How do we protect what's important? How do we advance in a system designed to limit our options? How do we find common ground when the world is intent on keeping us apart?
"La Casa Rosa" is the lesser-told side of the immigration story - that of those left behind. Set against a backdrop of the mysterious disappearance of a local youth and a popular struggle in a rural community, "La Casa Rosa" follows the story of two sisters vying for the control of their ancestral land. In it, two very different visions are realized and the answers to vital ethical questions are approached. Subtitled "Fighting for a Future in a Free Trade World," the play's U.S. tour was stopped by the State Department due to objections regarding the group's mission and the play's content. Visas were finally granted on July 1st after support was offered from New Haven Mayor John Destefano and Congresswoman Rosa DeLauro.

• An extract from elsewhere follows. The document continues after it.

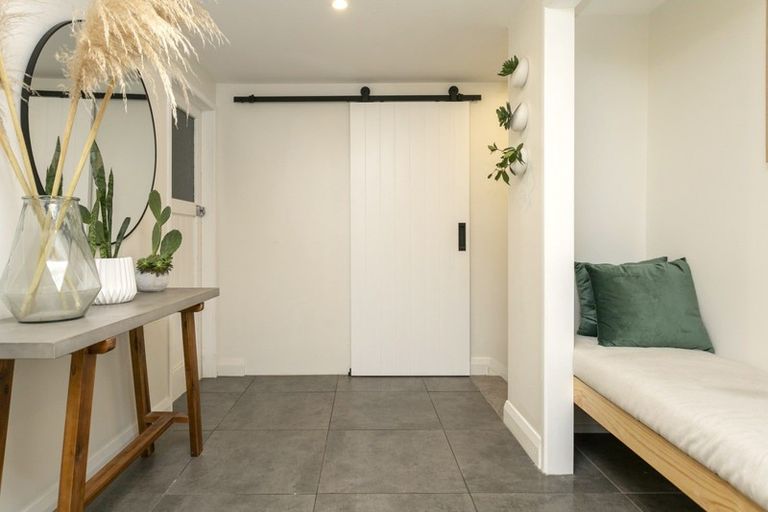 Photo of property in 2/64 Matuku Street, Two Mile Bay, Taupo, 3330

Watch an excerpt from the play:
Read about the play in La Jornada del Oriente (in Spanish):
Conciencian mujeres sobre la migración
Carlton Industries: is an arts and advocacy organization whose international programs focus on community empowerment through storytelling and the illumination of hidden realities that act as obstacles to global progress. Founded by theater artist and educator, Daniel Carlton, Carlton Industries has partnered with educational institutions, arts organizations and youth service providers on the creation of original productions and curricula in more than 20 states and 3 countries. Recent productions include the award nominated "Las Escenas de la Cruz (scenes of the cross)," based on the real experiences of the 12 immigrant teens, who performed it at the 2009 Midtown International Theater Festival in Manhattan.
The Migrant Family Support Center (CAFAMI): is a community center in San Francisco Tetlanohcan, which works to bring awareness of and attack the root causes of migration and reduce its negative impact on families, communities and traditional ways of life in the state of Tlaxcala. Some of their current programs include workshops in human and immigrant rights, classes in traditional and endangered local languages, classes in traditional crafts, after school programs for young people, and the community theater project.
IIPSOCULTA (Institute for Social and Cultural Practice and Research) has been working in Mexico since 2001 to create conditions for equity and justice for migrant families through education, organizing, and solidarity work. IIPSOCULTA provides training and support for people and communities that struggle in resistance to injustices. Some programs include: The Migrant Family Support Center in Mexico and U.S.; Community Organizers for Social Change Volunteer Programs and Internships in Mexico and U.S.; Families Without Borders in Mexico and U.S.; Spanish School for Social Justice in Mexico; Leadership Training for Immigrants in the United States.